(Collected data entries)
**********

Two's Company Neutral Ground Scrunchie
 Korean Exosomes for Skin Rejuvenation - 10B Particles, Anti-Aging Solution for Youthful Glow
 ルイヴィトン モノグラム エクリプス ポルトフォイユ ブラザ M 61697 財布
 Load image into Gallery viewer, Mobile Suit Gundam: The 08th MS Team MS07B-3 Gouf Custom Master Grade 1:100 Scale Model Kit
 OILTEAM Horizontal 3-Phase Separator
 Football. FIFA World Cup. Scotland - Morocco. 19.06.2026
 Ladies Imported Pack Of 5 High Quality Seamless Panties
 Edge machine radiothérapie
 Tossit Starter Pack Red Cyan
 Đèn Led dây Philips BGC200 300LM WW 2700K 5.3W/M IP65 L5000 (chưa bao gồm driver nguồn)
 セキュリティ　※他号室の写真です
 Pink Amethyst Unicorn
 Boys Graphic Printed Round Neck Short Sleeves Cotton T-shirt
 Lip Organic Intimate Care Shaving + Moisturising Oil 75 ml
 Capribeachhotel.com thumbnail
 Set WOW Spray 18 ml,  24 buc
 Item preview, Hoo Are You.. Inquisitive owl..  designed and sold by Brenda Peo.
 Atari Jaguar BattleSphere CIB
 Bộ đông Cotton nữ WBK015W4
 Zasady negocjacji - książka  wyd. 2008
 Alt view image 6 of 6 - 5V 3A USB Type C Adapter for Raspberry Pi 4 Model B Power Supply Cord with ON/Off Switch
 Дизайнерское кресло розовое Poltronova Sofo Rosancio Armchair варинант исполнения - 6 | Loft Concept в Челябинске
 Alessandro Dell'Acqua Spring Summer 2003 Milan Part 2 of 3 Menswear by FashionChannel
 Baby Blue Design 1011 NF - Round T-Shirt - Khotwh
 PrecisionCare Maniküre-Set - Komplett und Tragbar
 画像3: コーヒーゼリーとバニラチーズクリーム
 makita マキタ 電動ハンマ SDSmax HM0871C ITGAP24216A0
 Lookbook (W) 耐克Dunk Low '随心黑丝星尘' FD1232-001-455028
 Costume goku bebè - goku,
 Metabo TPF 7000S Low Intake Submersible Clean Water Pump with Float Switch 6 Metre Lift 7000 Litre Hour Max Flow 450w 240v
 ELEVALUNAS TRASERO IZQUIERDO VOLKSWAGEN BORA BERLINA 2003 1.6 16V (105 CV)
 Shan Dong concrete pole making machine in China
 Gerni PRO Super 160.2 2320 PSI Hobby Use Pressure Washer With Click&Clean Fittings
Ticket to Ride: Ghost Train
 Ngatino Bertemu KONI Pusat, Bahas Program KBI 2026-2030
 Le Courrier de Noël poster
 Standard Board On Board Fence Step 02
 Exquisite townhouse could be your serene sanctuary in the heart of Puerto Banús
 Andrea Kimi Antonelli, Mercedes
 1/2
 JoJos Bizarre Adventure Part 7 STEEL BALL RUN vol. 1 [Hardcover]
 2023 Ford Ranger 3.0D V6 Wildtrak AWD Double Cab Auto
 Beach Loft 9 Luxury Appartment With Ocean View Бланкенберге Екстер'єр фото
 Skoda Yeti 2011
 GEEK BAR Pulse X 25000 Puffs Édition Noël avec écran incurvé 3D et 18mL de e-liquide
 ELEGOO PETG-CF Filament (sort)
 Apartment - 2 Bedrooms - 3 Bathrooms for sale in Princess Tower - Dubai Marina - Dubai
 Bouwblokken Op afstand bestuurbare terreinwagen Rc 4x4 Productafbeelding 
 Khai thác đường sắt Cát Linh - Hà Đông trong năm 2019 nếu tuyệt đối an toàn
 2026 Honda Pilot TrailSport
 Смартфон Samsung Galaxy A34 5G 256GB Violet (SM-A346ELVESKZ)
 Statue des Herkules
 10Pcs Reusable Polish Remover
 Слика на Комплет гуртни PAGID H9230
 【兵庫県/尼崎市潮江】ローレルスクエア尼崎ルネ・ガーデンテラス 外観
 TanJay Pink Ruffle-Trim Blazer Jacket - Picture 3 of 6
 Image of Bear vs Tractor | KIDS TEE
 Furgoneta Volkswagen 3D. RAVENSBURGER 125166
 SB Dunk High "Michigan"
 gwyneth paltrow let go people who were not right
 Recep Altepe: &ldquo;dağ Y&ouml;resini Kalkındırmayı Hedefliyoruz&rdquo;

**********

> **WHAT NEEDS TO BE DONE**: The line containing "Ticket to Ride: Ghost Train" begins the span, and the last line of the records above ends it. Return that span exactly, and nothing outside it.

> **ANSWER TO THE PROBLEM**:
Ticket to Ride: Ghost Train
 Ngatino Bertemu KONI Pusat, Bahas Program KBI 2026-2030
 Le Courrier de Noël poster
 Standard Board On Board Fence Step 02
 Exquisite townhouse could be your serene sanctuary in the heart of Puerto Banús
 Andrea Kimi Antonelli, Mercedes
 1/2
 JoJos Bizarre Adventure Part 7 STEEL BALL RUN vol. 1 [Hardcover]
 2023 Ford Ranger 3.0D V6 Wildtrak AWD Double Cab Auto
 Beach Loft 9 Luxury Appartment With Ocean View Бланкенберге Екстер'єр фото
 Skoda Yeti 2011
 GEEK BAR Pulse X 25000 Puffs Édition Noël avec écran incurvé 3D et 18mL de e-liquide
 ELEGOO PETG-CF Filament (sort)
 Apartment - 2 Bedrooms - 3 Bathrooms for sale in Princess Tower - Dubai Marina - Dubai
 Bouwblokken Op afstand bestuurbare terreinwagen Rc 4x4 Productafbeelding 
 Khai thác đường sắt Cát Linh - Hà Đông trong năm 2019 nếu tuyệt đối an toàn
 2026 Honda Pilot TrailSport
 Смартфон Samsung Galaxy A34 5G 256GB Violet (SM-A346ELVESKZ)
 Statue des Herkules
 10Pcs Reusable Polish Remover
 Слика на Комплет гуртни PAGID H9230
 【兵庫県/尼崎市潮江】ローレルスクエア尼崎ルネ・ガーデンテラス 外観
 TanJay Pink Ruffle-Trim Blazer Jacket - Picture 3 of 6
 Image of Bear vs Tractor | KIDS TEE
 Furgoneta Volkswagen 3D. RAVENSBURGER 125166
 SB Dunk High "Michigan"
 gwyneth paltrow let go people who were not right
 Recep Altepe: &ldquo;dağ Y&ouml;resini Kalkındırmayı Hedefliyoruz&rdquo;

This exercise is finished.